The Collectif contre les expulsions (CCLE) is an independent organization created in 1998 in Brussels to defend freedom of movement and to support illegal immigrants detained in immigrant detention centres managed by the Belgian Immigration Office. Almost 8,000 people awaiting expulsion or rejection orders are detained in such detention centres.

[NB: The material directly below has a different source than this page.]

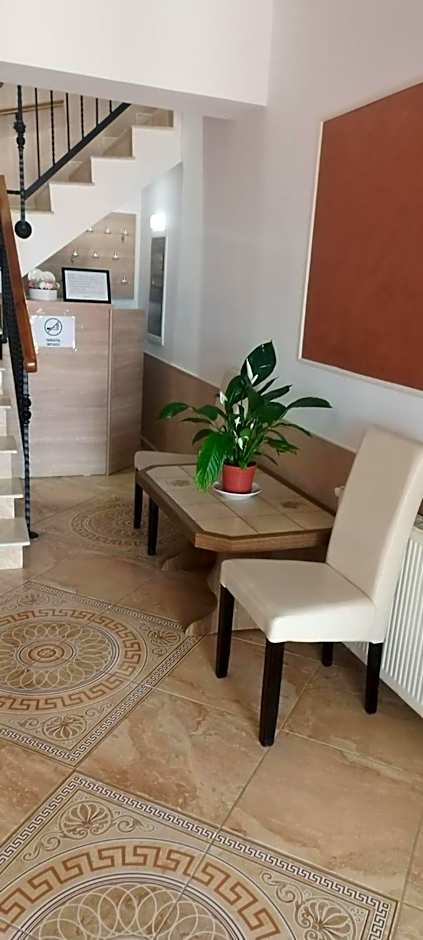 Cazare de Vis 3 stele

Giving priority to nonviolent resistance and civil disobedience, the CCLE does not assume a position "for" illegal immigrants but "with" them.

==Legislation==
In Belgium, the General Directorate of the Immigration Office is charged with foreign policy. Fundamental rules are mentioned in the Law of 15 December 1980 on the access to the territory, stay, establishment, and return of foreigners and in a royal order of 8 October 1981. Article 77 of this law punishes "everyone who knowingly helps a foreigner […] illegally to enter or remain" with imprisonment from 8 days up to three months and a fine of from 1,700 up to 6,000 euros. According to the same law, this rule "will not apply if the aid or assistance to such foreigners was offered for primarily humanitarian reasons".

Existing legislation has been tightened with the Law of 13 April 1995 incorporating all the measures necessary for the Suppression of the Traffic in Persons and Child Pornography with the aim of introducing more serious punishments against organised crime.